Le fait que seuls certains orbites sont autorisés dans le modèle de Bohr de l`atome peut être éplé en supposant que la circonférence de l`orbite doit être une intégrale (n = 1, 2, 3, 4…) multiple de la longueur d`onde de l`électron. Quand ce n`est pas le cas, l`électron ne peut pas simultanément satisfaire son comportement d`onde et de particule. Louis de Broglie a agi comme conseiller auprès du Commissariat à l`énergie atomique Français après 1945. Il a remporté le Prix Kalinga par l`UNESCO en 1952, et est devenu un membre étranger de la société royale britannique, ainsi que l`Académie Français des sciences. Les premières publications de l`idée de «vagues de matière» de de Broglie avaient attiré peu d`attention d`autres physiciens, mais une copie de sa thèse de doctorat a été envoyée à Einstein, dont la réponse était enthousiaste. Einstein a insisté sur l`importance du travail de Broglie à la fois explicitement et en construisant plus loin. De cette façon, le physicien autrichien Erwin Schrödinger a appris des vagues hypothétiques, et sur la base de l`idée, il a construit un système mathématique, mécanique des vagues, qui est devenu un outil essentiel de la physique. Cependant, pas jusqu`au 1927, Clinton Davisson et Lester Germer aux États-Unis et George Thomson en Ecosse ont trouvé la première preuve expérimentale de la nature de la vague de l`électron. De Broglie a appliqué sa théorie de la vague-la dualité des particules au modèle de Bohr pour expliquer pourquoi seulement certains orbites sont autorisés pour l`électron.
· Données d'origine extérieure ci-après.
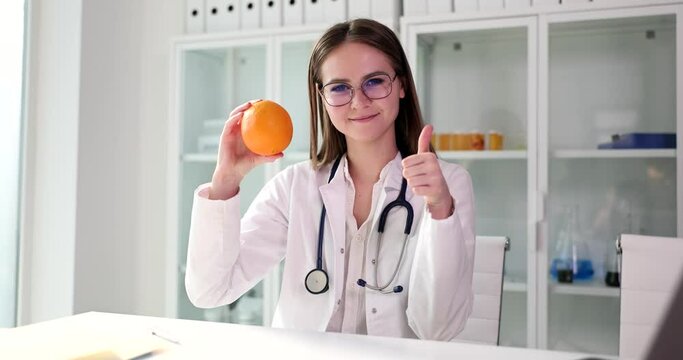 Dietitian doctor holds orange in hands and shows thumbs up gesture closeup. Healthy lifestyle and healthy vitamin diet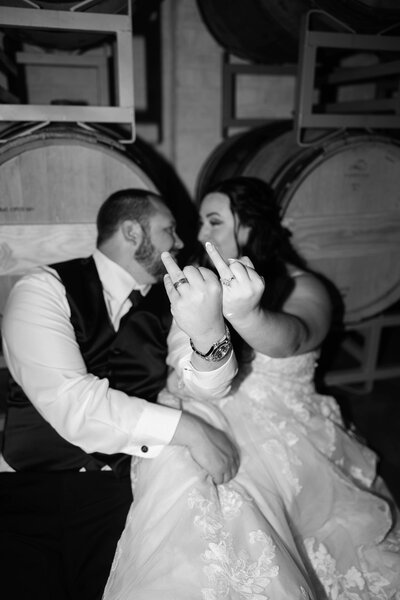 Bride and groom showing rings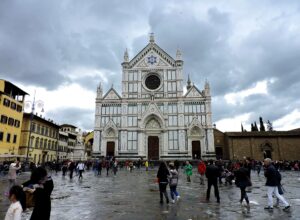 Visitors in jackets and long trousers gather by Santa Croce’s entrance steps and cross the wet piazza in Florence.
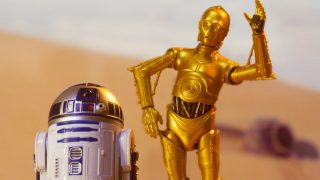 droids C-3PO and R2D2 on the desert planet of Tatooine with escape pod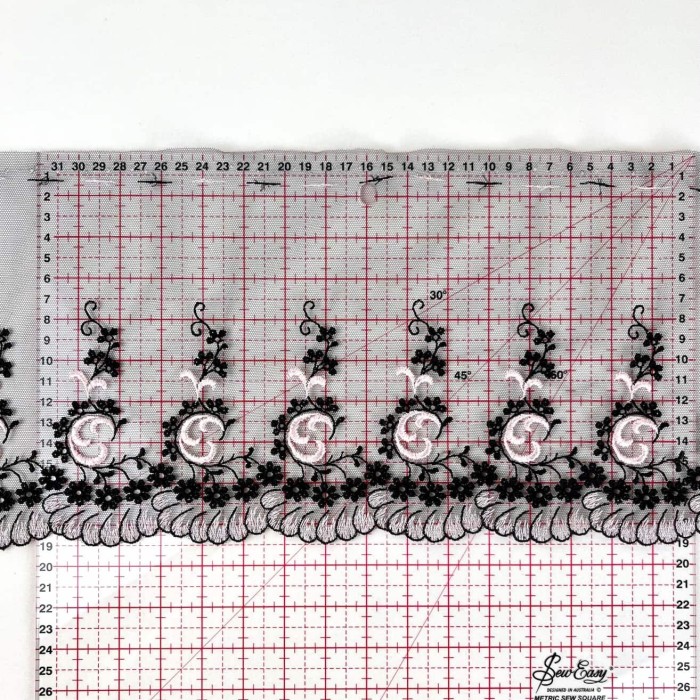 Dentelle festonée rose sur tulle noir 19cm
Il a soutenu que seuls certains orbites permettent à l`électron de satisfaire à la fois ses propriétés de particule et d`onde en même temps parce que seulement certains orbites ont une circonférence qui est un multiple intégral de la longueur d`onde de l`électron, comme illustré ci-dessous. L`intérêt vif de de Broglie pour les implications philosophiques de la physique moderne a trouvé l`expression dans les adresses, les articles et les livres. La question centrale pour lui était de savoir si les considérations statistiques qui sont fondamentales pour la physique atomique reflètent une ignorance des causes sous-jacentes ou si elles expriment tout ce qu`il y a à savoir; ce dernier serait le cas si, comme certains le croient, l`acte de mesure affecte et est inséparable de ce qui est mesuré. Pendant environ trois décennies après son travail de 1923, de Broglie a estimé que les causes sous-jacentes ne pouvaient pas être dédéfinies dans un sens final, mais, avec le temps, il est retourné à sa croyance antérieure que les théories statistiques cachent «un complètement déterminé et une réalité identifiable derrière des variables qui éluder nos techniques expérimentales. Après avoir reçu son doctorat, de Broglie est resté à la Sorbonne, devenant en 1928 professeur de physique théorique à l`Institut Henri Poincaré nouvellement fondé, où il a enseigné jusqu`à sa retraite en 1962.